I've been lying in bed and have hardly slept at although I guess I must have slept a little. But I've been thinking... there's so much going on to think about.
Before this happened with mom, her death, I mean, I was thinking about writing a post about more of my thoughts regarding my parents. I need to work on writing something up that could be the start of an obituary, though, but not right now.
The thing is that I'm still trying to make sense of my life, which is what this blog is all about, and there are some new thoughts that have come to me and some old ones that I haven't discussed here yet.
First, about dad. I got to thinking more about his title on his business card (post #12), which is "Program Planning and Control Manager." I think the "control" part could be security-related and as such, if this is so, could point to him having some intelligence-related responsibilities, at least enough to make sure his workers were all in line.
Another thing that hit me is when I was a teenager, once mom got recertified as a nurse (after about 12 or so years of being a stay-at-home mom) and started working part-time again, and she used to say how she was so much busier at her work than dad was. And dad used to play bridge with a group of others during lunch at work. So I'm thinking that this could have been some of the sort of security "clan culture" types of things going on that I experienced in Vienna. That is, such activities as bridge and "down times" were not as frivolous as they might have on the surface seemed; they served an important role in the scheme of things by way of "control".

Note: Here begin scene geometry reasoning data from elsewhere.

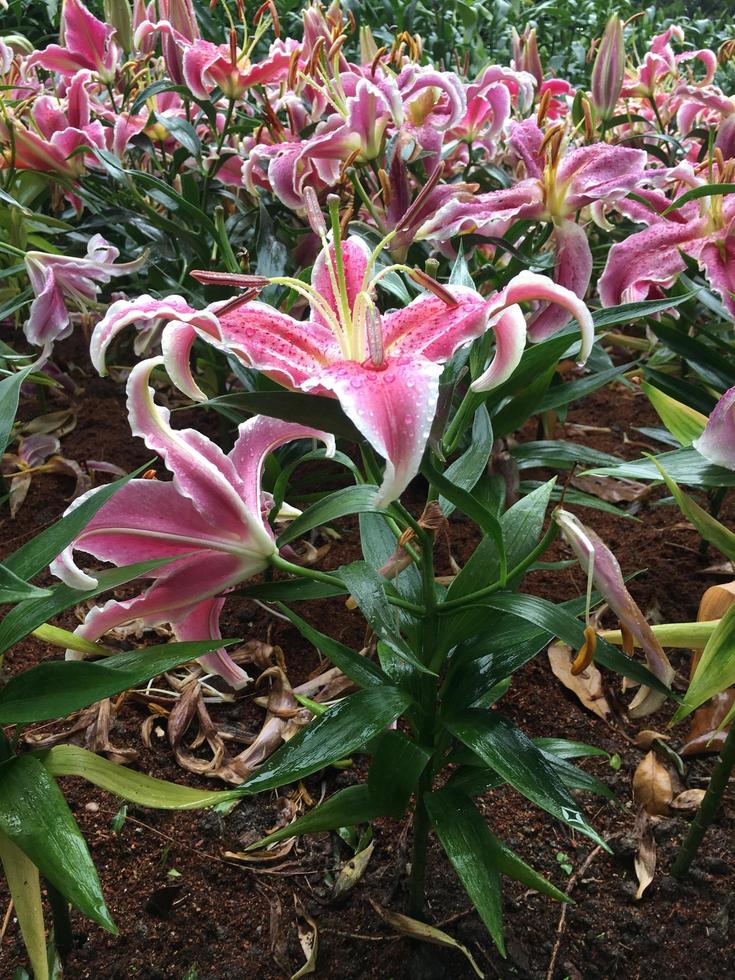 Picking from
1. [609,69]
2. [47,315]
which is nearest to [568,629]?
[47,315]

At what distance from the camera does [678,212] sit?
1.15 m

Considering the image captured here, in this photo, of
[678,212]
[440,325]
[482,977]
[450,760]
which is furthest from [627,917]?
[678,212]

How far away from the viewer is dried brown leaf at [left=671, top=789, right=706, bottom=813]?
1.09 meters

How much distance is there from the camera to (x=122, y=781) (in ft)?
2.42

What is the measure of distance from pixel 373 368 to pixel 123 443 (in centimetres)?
129

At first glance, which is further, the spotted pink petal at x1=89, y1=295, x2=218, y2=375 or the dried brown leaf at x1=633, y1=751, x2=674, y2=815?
the dried brown leaf at x1=633, y1=751, x2=674, y2=815

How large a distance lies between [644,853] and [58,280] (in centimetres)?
121

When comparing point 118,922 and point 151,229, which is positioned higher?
point 151,229

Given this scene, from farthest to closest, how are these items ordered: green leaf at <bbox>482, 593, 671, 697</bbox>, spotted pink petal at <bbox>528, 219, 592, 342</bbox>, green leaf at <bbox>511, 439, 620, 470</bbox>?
green leaf at <bbox>511, 439, 620, 470</bbox>
spotted pink petal at <bbox>528, 219, 592, 342</bbox>
green leaf at <bbox>482, 593, 671, 697</bbox>

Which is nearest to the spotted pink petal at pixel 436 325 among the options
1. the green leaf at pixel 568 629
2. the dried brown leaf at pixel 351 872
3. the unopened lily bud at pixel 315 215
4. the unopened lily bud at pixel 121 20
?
the unopened lily bud at pixel 315 215

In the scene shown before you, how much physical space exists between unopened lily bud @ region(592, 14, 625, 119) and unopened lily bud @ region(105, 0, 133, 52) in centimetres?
90

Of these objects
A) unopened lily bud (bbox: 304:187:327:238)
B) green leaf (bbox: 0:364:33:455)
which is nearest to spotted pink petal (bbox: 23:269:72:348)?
green leaf (bbox: 0:364:33:455)

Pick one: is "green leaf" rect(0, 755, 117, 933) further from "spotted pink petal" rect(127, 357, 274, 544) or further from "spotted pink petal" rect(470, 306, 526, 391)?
"spotted pink petal" rect(470, 306, 526, 391)

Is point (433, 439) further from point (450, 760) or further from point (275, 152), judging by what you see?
point (275, 152) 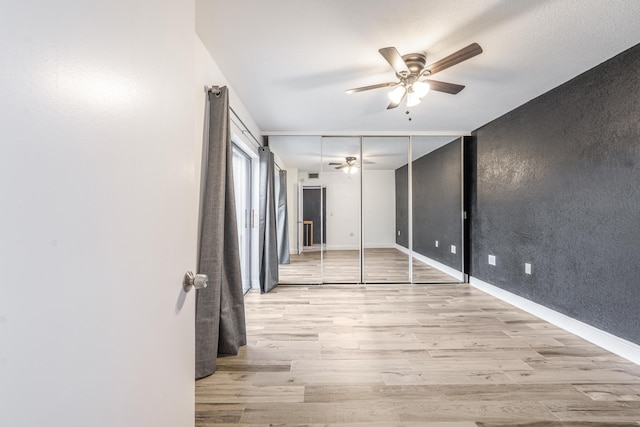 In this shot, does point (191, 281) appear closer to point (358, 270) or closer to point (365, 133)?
point (365, 133)

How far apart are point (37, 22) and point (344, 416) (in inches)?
75.3

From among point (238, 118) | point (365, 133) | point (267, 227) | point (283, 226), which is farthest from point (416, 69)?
point (283, 226)

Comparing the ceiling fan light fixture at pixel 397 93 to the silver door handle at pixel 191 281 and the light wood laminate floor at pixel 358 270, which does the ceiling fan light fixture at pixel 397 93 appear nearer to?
the silver door handle at pixel 191 281

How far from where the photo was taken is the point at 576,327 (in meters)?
2.51

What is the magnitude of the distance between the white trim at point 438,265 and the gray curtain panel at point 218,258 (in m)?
3.33

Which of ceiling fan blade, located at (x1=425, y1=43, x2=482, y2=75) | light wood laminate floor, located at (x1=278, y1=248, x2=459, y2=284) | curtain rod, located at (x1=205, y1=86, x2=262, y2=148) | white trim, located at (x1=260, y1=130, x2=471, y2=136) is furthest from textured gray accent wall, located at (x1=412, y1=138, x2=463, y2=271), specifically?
curtain rod, located at (x1=205, y1=86, x2=262, y2=148)

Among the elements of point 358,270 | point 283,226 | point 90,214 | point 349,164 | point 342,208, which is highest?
point 349,164

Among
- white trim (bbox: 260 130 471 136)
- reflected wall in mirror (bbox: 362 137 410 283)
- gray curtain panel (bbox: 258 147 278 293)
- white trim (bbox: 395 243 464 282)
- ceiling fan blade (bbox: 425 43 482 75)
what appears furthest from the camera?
reflected wall in mirror (bbox: 362 137 410 283)

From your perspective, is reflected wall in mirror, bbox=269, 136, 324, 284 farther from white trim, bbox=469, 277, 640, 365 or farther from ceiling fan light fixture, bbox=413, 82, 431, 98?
white trim, bbox=469, 277, 640, 365

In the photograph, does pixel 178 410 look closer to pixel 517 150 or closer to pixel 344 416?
pixel 344 416

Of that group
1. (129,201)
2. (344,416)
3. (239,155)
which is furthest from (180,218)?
(239,155)

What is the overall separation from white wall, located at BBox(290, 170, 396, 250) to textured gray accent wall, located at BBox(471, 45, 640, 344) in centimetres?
170

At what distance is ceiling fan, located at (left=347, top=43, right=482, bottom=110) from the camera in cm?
189

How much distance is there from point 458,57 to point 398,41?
0.43m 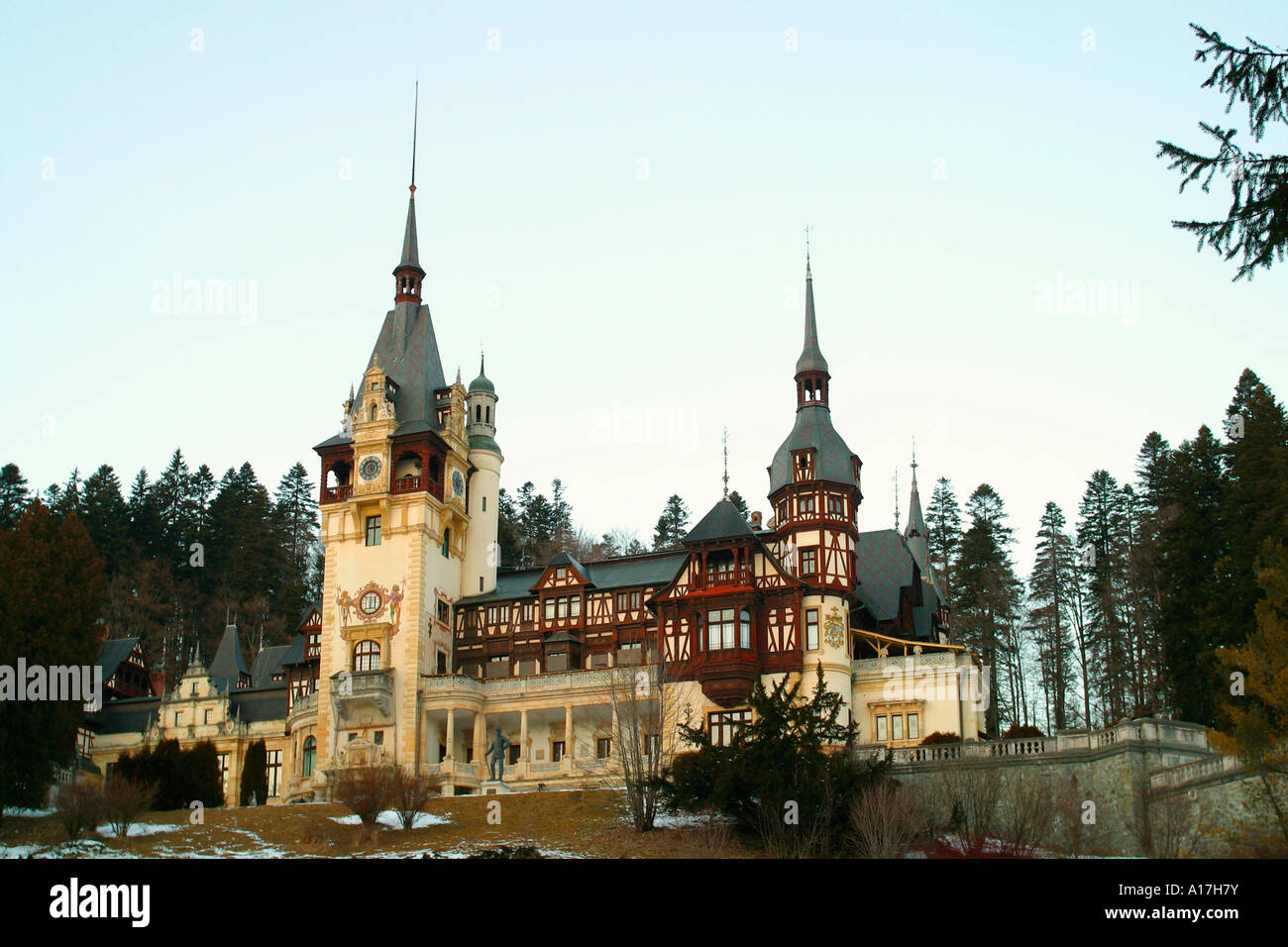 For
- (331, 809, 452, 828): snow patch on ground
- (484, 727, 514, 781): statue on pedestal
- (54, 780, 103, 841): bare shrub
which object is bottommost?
(331, 809, 452, 828): snow patch on ground

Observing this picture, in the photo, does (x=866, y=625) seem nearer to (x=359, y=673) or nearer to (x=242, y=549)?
(x=359, y=673)

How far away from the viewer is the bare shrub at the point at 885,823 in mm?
34562

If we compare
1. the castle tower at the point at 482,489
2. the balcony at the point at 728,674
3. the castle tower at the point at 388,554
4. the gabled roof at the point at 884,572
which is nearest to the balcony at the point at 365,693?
the castle tower at the point at 388,554

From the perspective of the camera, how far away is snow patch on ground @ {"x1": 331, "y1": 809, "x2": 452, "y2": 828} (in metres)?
41.5

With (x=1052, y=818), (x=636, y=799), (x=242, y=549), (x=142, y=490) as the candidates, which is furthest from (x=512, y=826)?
(x=142, y=490)

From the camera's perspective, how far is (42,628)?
160 ft

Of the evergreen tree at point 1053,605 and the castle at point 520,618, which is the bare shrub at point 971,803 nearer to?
the castle at point 520,618

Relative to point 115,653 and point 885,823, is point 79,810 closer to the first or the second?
point 885,823

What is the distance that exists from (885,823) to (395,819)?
15580mm

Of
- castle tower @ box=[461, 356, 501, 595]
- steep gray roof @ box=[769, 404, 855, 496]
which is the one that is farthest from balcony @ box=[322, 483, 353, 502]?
steep gray roof @ box=[769, 404, 855, 496]

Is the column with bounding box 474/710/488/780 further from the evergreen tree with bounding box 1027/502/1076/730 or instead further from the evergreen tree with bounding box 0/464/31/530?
the evergreen tree with bounding box 0/464/31/530

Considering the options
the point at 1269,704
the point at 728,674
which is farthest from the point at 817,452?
the point at 1269,704

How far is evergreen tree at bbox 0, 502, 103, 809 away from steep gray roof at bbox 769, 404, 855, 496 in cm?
2789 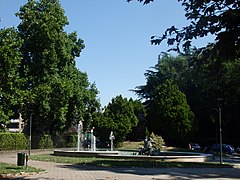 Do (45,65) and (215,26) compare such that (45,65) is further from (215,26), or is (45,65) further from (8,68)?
(215,26)

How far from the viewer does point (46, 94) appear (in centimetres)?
4231

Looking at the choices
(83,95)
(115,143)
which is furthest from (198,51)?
(115,143)

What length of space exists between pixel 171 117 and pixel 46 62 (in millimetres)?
17911

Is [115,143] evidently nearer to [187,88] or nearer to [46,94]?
[46,94]

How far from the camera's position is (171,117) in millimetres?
50312

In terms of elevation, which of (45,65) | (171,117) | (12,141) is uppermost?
(45,65)

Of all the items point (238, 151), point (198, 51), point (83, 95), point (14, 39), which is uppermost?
point (14, 39)

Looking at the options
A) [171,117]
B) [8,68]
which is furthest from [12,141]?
[171,117]

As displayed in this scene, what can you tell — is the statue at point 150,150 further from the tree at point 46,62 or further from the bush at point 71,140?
the bush at point 71,140

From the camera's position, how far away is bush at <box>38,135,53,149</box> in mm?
47969

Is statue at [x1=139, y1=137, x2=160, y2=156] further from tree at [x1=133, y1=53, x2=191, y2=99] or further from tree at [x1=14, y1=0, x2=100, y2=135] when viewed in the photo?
tree at [x1=133, y1=53, x2=191, y2=99]

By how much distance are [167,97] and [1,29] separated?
2612 cm

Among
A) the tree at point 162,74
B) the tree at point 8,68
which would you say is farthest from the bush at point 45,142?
the tree at point 162,74

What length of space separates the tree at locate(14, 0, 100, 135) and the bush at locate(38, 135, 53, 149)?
167 cm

Then I'd also been thinking about mom. I've wondered for years about how much she knew or didn't know regarding dad's work. She was pretty guileless, though, so it's quite possible she was naive to the significance of anything related to dad's work. But she used to go to dinners they had with dad's work, such as after winning a proposal, and she went down to Albequerque at least once with dad when he went on a business trip. It's hard for me not to compare what I experienced in Vienna with what might be going on related to dad's work. In Vienna, even if the women were not active in the ministry (although some occasionally took women's ministry trips), they had to know a lot of the security things, including how to keep their kids reined in, such as how to talk about their father's work and what they (the family) were doing in Vienna. So did mom have any of this kind of thing? Of course, dad's work and our family situation were quite a bit different than the Vienna mission. For example, we didn't have to "explain" what we were doing in Seattle. And Boeing was such a major employer in Seattle that kids especially wouldn't have thought anything about a parent working there... not like the Vienna mission which could have raised childish curiosity.
So I'd been thinking for a while about writing a post like this, but now, of course, it's all different after mom's death. Saturday I mailed off a little something for her for Easter. It was one of those big no-sweat glasses with her initial on it and some homemade chickpea chips I'd talked with her about on the phone. I filled the cup with the chickpeas. So what should I do with the glass now when it arrives in Seattle? Fill it with flowers and put it by the grave?
In a lot of ways it feels like mom was the last person alive that loved me. When I had my surgery in January she was the only one of the family that contacted me during that time, and she called repeatedly while I was in the hospital, especially when I was in so much pain because the nurses weren't giving me enough pain medicine. It really hurt, though, when she didn't even call me on my 50th birthday less then 2 months after the fiasco with my brother that landed me back down here.
Then I think back on the statement by a physicist who had worked under dad, who in 1981, on the sister-city trip to France he said I should have studied Italian instead of Russian - Italian is half my heritage on dad's side, and Ukrainian is half my heritage on mom's side. How much of my experiences and life can be explained because of the conflict with dad's work and my interests? And how much did mom know or understand?